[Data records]
○ ○ ○
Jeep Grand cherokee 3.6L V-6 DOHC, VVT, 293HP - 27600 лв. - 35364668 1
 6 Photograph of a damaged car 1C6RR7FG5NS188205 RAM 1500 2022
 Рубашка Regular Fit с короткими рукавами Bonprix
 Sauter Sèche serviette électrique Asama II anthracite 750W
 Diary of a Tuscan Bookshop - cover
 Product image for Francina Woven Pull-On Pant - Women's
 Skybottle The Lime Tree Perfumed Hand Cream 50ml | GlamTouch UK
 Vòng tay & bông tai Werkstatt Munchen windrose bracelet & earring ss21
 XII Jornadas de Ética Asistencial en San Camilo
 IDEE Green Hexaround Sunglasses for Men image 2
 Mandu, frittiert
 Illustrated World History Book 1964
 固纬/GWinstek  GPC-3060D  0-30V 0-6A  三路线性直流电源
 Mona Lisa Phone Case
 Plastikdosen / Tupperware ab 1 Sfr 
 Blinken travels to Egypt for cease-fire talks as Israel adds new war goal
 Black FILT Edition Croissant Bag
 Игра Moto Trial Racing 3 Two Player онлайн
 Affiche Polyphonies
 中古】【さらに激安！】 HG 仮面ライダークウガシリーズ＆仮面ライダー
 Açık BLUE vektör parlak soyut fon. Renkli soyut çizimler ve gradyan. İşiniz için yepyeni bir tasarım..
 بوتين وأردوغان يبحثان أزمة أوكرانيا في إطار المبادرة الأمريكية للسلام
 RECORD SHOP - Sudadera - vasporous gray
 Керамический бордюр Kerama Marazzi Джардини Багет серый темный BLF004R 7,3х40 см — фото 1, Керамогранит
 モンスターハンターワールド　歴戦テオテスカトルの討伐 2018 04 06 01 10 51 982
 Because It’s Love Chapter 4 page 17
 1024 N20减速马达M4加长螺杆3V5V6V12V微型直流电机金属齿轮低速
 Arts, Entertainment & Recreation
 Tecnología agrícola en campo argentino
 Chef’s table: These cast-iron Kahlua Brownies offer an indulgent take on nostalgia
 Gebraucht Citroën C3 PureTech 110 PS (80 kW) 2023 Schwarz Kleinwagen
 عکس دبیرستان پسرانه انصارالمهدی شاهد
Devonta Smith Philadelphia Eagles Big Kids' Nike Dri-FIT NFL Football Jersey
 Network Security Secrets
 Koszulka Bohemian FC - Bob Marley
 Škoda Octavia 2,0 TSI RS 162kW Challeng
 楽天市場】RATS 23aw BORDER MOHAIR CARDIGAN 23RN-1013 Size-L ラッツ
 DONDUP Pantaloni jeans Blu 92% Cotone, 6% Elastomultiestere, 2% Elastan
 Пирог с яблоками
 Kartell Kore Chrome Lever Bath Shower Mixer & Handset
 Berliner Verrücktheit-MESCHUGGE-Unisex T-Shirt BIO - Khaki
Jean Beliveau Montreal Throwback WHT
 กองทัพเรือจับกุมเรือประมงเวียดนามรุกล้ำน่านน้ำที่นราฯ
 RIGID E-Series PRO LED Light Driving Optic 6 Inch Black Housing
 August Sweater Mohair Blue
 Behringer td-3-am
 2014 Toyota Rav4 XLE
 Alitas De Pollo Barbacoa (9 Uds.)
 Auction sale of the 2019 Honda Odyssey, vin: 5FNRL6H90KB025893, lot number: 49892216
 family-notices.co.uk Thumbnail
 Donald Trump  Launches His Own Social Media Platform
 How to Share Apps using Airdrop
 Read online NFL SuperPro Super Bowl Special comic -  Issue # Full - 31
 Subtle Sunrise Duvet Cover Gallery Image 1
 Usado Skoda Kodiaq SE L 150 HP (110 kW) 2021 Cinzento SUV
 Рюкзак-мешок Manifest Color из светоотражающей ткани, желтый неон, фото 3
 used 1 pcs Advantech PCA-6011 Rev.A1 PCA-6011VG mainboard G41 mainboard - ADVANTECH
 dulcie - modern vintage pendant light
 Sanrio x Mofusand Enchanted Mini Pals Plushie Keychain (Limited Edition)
○ ○ ○
> _WHAT IS REQUIRED_
Extract every line above containing the word "Black".

> _PROBLEM SOLUTION_
 Black FILT Edition Croissant Bag
 RIGID E-Series PRO LED Light Driving Optic 6 Inch Black Housing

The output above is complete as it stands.